And we're grateful that they're just as courteous when we're in a hurry and have time only for a $6 Quick Wash as they are when we stick around for a regular hand wash (only $9.99!) or The Works, which includes Armor All, Poly Clear-Coat, and an air freshener of our choice all for only $17.99. Los Olivos' fast, friendly brushless washes and waxes are enough to keep us coming back, but the extras are a nice touch we haven't found elsewhere in town. And speaking of Sonny and Cher, that dynamic duo filmed part of one of their movies on Los Olivos' property in 1967 — another reason we love going there.
It doesn't take a lot to be the best cab company in Phoenix.
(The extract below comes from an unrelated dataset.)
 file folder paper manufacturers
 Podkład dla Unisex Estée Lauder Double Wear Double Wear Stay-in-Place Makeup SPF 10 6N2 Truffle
Valley bar hoppers and newcomers alike can tell horror stories about Phoenix cabs. One such baby Phoenician says she called for a cab and was picked up by two non-English speakers in an unmarked minivan. When she asked to go to the aeropuerto, the driver had no idea where Sky Harbor was.
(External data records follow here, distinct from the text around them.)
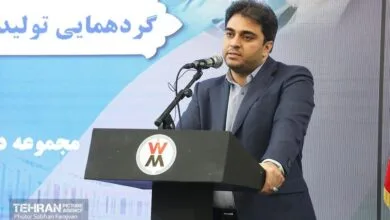 برقی‌سازی ناوگان حمل و نقل در دولت وفاق عملیاتی شد/ انتقال توسعه برقی سازی تا ۱.۵ سال آینده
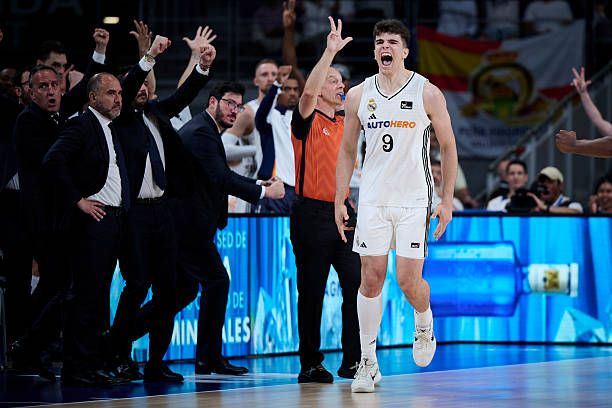 直播吧手機(jī)版：暢享高清NBA官方直播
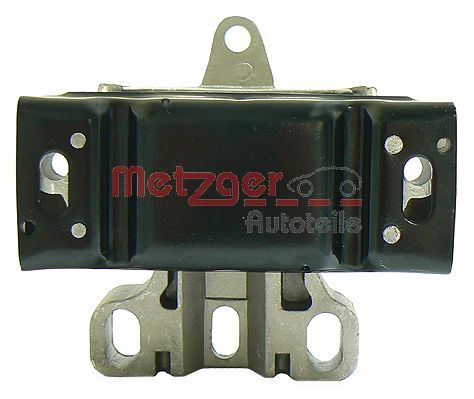 Metzger Ophangrubber automaatbak 8050877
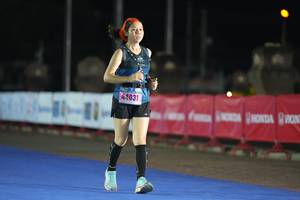 BIB: 20806, 20653, 2029
                            <button type="button" onclick="openModal(16094203)" class="btn btn-primary btn-sm float-right btn-popup" data-toggle="modal" data-target=".modal-high-quality">
                        <i class="fas fa-shopping-cart"></i> Add to Cart
                    </button>
                                            <button type="button" onclick="isThisMe(16094203, true)" class="btn btn-success btn-sm float-right btn-popup btn-isme hidden" data-toggle="tooltip" data-placement="bottom" title="นี่คือรูปของคุณใช่ไหม คลิกที่นี่เพื่อเอาเข้าอัลบั้ม">
                        <i class="fas fa-plus"></i> Add to album
                    </button>
                    <button type="button" onclick="isThisMe(16094203, false)" class="btn btn-warning btn-sm float-right btn-popup btn-isnotme hidden">
                        <i class="fas fa-ban"></i> Remove from album
                    </button>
Alas, all it takes to be the best cab company in Phoenix is a fleet of reliable cabs, driven by drivers who are on time and know their way around town. Yellow Cab fits that bill. Whether your car breaks down or you're making a late-night call from a bar, Yellow Cab usually arrives within 15 minutes. Drivers know their way around town and even drive in yellow cabs. Not too shabby.
So you're afraid of Arizona's insanely strict DUI laws? Join the club. But there's good news. Now you can go drinking and get a free ride home. That is, if you're willing to intoxicate yourself at a growing roster of high-end Scottsdale bars, restaurants, and resorts.
Those destinations will foot the bill for your luxury transportation to and from the watering hole. And not just any transportation — a "five diamond" experience in a brand-new Mercedes. It's courtesy of local entrepreneur Tony Christofellis' Idle Inc. Exclusive Chauffeur Service. (Yes, he gets paid by the restaurant you go to.)
Idle's current list of locations with courtesy chauffer service include: Camelback Inn, Fleming's Prime Steakhouse and Wine Bar, Mastro's Steakhouse, Par Exsolance Salon and Day Spa, Sol y Sombra Mexican eatery, and the JW Marriott golf courses at Desert Ridge.
Heck, with gas prices what they are, you might wanna call for the Idle chauffeur even if you're not getting sloshed.
Browsing or buying? What's a car junkie like you to do when the Barrett-Jackson auction is months away and you're desperate for some auto lust? We've got just the glory land, with your fill of Ferrari, Aston Martin, Rolls-Royce, Maybach and other $200,000-plus rides. This gem of a dealership sits kitty-corner from a less-pretentious Jaguar/Land Rover dealership.
But don't let that deceive you. Scottsdale Ferrari/Maseratti houses a great collection of Ferraris (duh), both brand-new and classic. It usually stocks a few dozen other non-Ferrari rides priced between $100,000 to $300,000.
Unless you're paying with cash, prepare for a car payment on par with the typical mortgage payment ($2,000/month and up) for these rides. Then again, most serious buyers here have private jets. For the rest of us, it never hurts to dream.
The law of entropy says that energy dissipates if not contained. But humans like to localize their energies, and thankfully so because some of us have some pretty sweet cars. There's no better place to see a hundred or so collector cars than the free Scottsdale Pavilion car show, every Saturday night. The Pavilions Car Show is a weekly gathering of gearheads from across the Valley; the show's Web site says it's the "the largest consistently run car show in the United States."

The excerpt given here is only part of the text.